For most churches under 500 members, no. A mobile-responsive website does 90% of what a custom app would do. Check out our guide to church apps for small churches for more on this.
Can we build our church website for free?
Yes. Google Sites, WordPress.com free tier, and Carrd all offer free options. The tradeoffs are limited design, platform branding, and less SEO control. For many small churches, free is a perfectly good starting point.
Should we use a church-specific builder or a general one?
Church-specific if you want sermons, giving, and events built in. General if you care about design, SEO, or budget. Most churches do great with a general builder plus a Tithe.ly giving embed.
How important is SEO for a church website?
Very. Most first-time visitors find churches through Google. If your site doesn’t show up for “churches near me” or “Baptist church in [city],” those visitors go elsewhere. At minimum, claim your Google Business Profile and include your location in page titles.

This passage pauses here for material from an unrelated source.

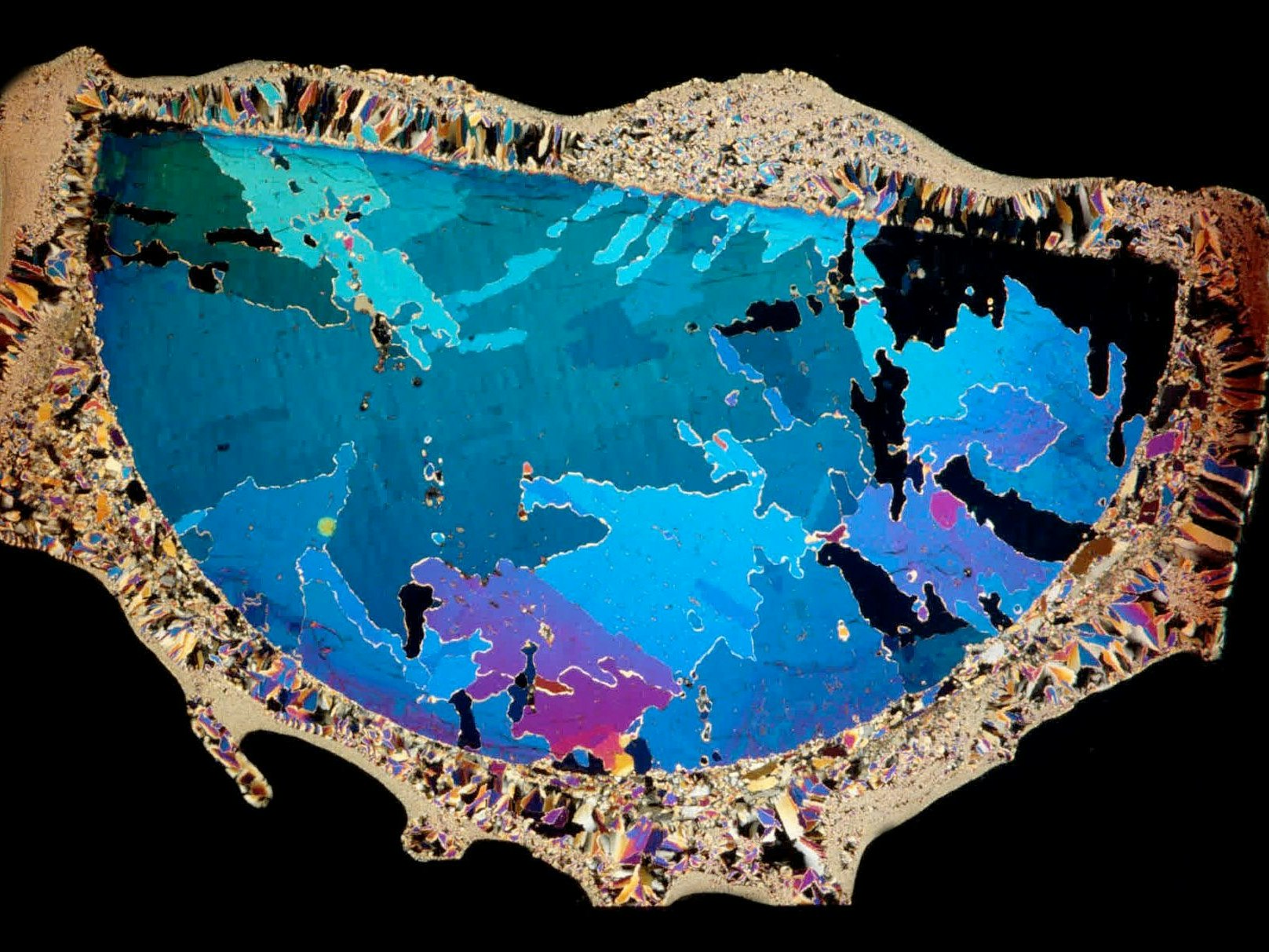 Ein antarktischer Eisbohrkern im polarisierten Licht.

What about AI website builders?
AI tools like Wix ADI can generate a basic site in minutes. They’re fine as a starting point, but you’ll want to customize the result. Don’t rely on AI to write your About page or mission statement. Those should come from your pastoral team.
Build Your Church’s Online Home
Your church website doesn’t need to be complicated or expensive. Pick a builder that matches your team’s skill level, get the essentials right (service times, location, giving, sermons), and publish it. A simple, clear website that’s live today beats a perfect website still “in progress” six months from now.
Pick a builder that matches your team’s skill level, get the essentials right, and publish it. A simple, clear website that’s live today beats a perfect website still “in progress” six months from now.